Records drawn from a dataset:

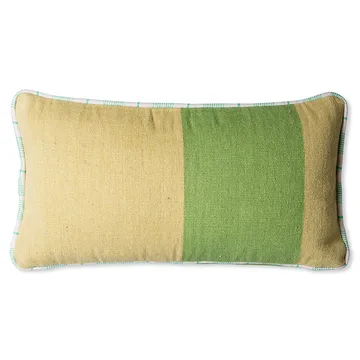 Handvävd kudde 38x74 cm ull - Grön - HKliving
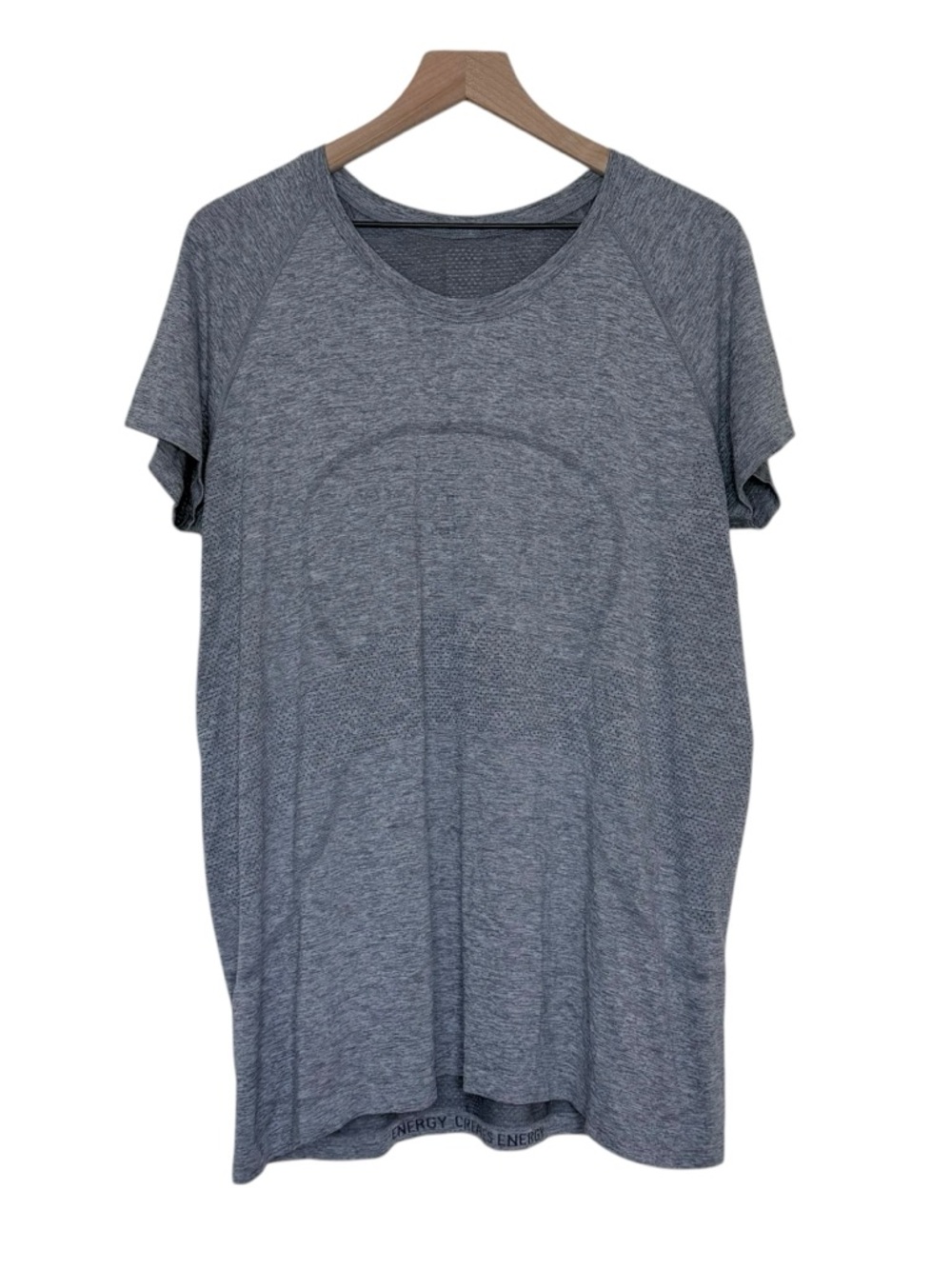 Lululemon Size 20 Swiftly Tech Short Sleeve Shirt Gray Gym Athleisure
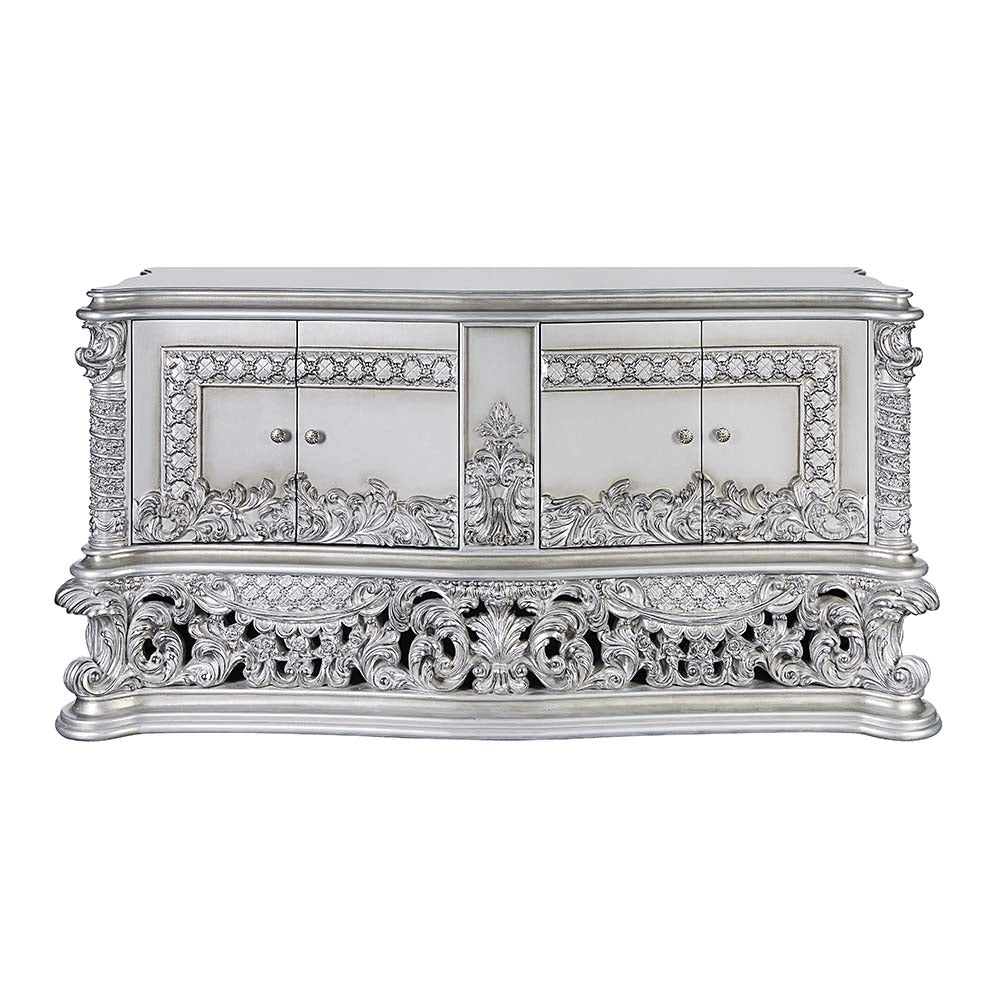 Valkyrie Antique Platinum Server - Ornate Home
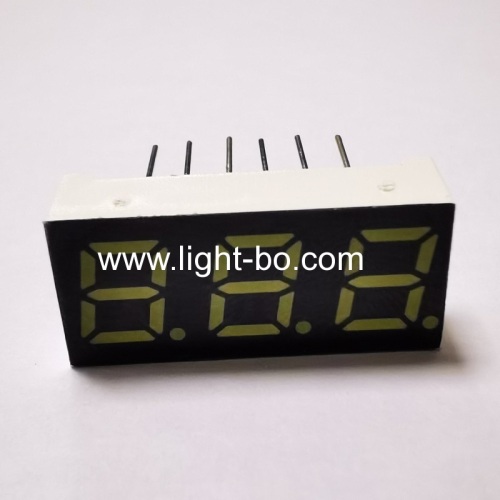 Ultra bright white 3 Digit 0.28  (7mm) 7 Segment LED Display common cathode for Temperature controller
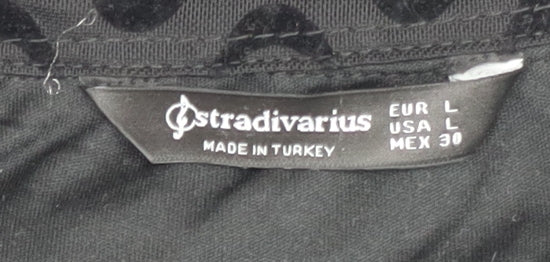 Stradivarius Women's Black Shirt Dress Size 12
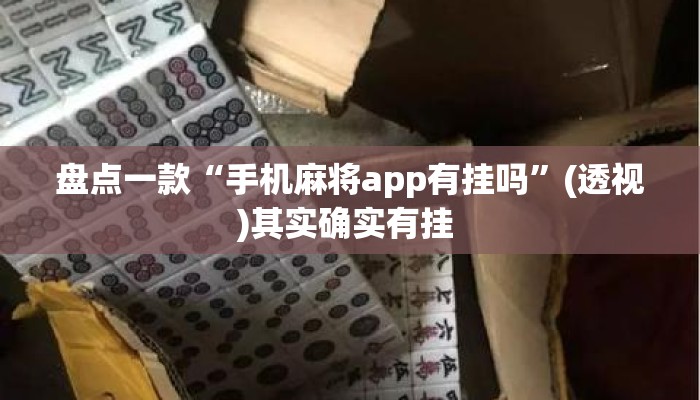 盘点一款“手机麻将app有挂吗”(透视)其实确实有挂 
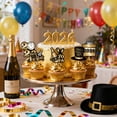 thumbnail image 4 of Decoración para cupcakes Foowztao, fiesta de feliz año nuevo 2026, 36 unidades, 4 of 6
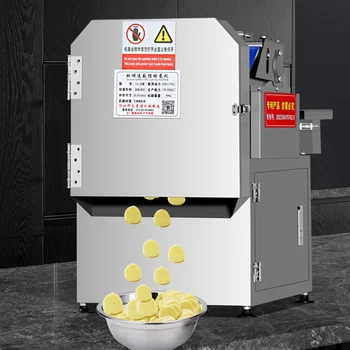 Ticari Elektrikli Meyve Ve Sebze Dilimleme Küp Kesme Dilimleme Makinesi Patates Havuç Dilim Dilimleme Makinesi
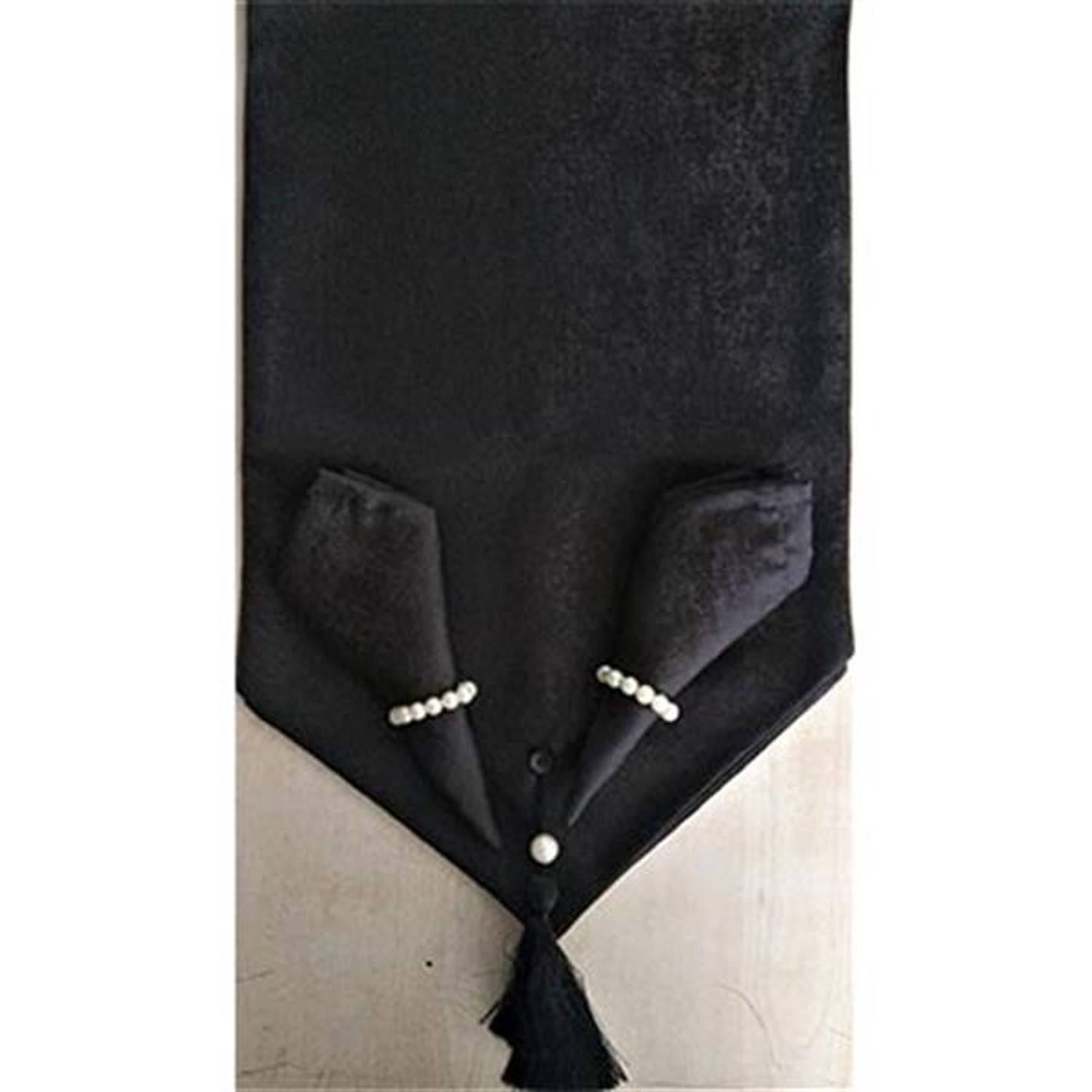 ATAK RUNNER TABLE SET SIMELA BLACK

▶ _What you need to do_
Using the entries above, repeat exactly the lines from the one with "Lululemon Size 20" to the one with "Stradivarius Women's Black", both included, and leave the pictures behind.

▶ _Reply to the exercise_
 Lululemon Size 20 Swiftly Tech Short Sleeve Shirt Gray Gym Athleisure
 Valkyrie Antique Platinum Server - Ornate Home
 Ultra bright white 3 Digit 0.28  (7mm) 7 Segment LED Display common cathode for Temperature controller
 Stradivarius Women's Black Shirt Dress Size 12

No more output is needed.